▸ **Material provided**
──────
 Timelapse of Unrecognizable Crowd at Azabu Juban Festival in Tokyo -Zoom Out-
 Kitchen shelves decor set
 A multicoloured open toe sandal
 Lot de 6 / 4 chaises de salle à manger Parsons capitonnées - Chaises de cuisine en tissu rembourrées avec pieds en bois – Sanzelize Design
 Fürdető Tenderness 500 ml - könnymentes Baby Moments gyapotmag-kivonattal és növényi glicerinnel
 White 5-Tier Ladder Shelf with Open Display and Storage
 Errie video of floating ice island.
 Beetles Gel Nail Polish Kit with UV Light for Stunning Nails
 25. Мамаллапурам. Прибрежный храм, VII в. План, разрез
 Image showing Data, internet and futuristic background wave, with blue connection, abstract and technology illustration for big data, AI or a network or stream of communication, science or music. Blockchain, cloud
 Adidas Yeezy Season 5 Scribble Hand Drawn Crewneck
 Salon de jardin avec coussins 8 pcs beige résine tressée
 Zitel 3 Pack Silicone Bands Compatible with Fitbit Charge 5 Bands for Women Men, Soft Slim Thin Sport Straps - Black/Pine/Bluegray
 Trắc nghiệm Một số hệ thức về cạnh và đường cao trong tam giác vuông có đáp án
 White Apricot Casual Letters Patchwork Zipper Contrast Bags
──────
▸ **Exercise directions**
The reply should consist solely of the lines above from the one that has "Lot de 6 / 4" through the one that has "White 5-Tier Ladder", reproduced exactly.

▸ **Exercise solution**
 Lot de 6 / 4 chaises de salle à manger Parsons capitonnées - Chaises de cuisine en tissu rembourrées avec pieds en bois – Sanzelize Design
 Fürdető Tenderness 500 ml - könnymentes Baby Moments gyapotmag-kivonattal és növényi glicerinnel
 White 5-Tier Ladder Shelf with Open Display and Storage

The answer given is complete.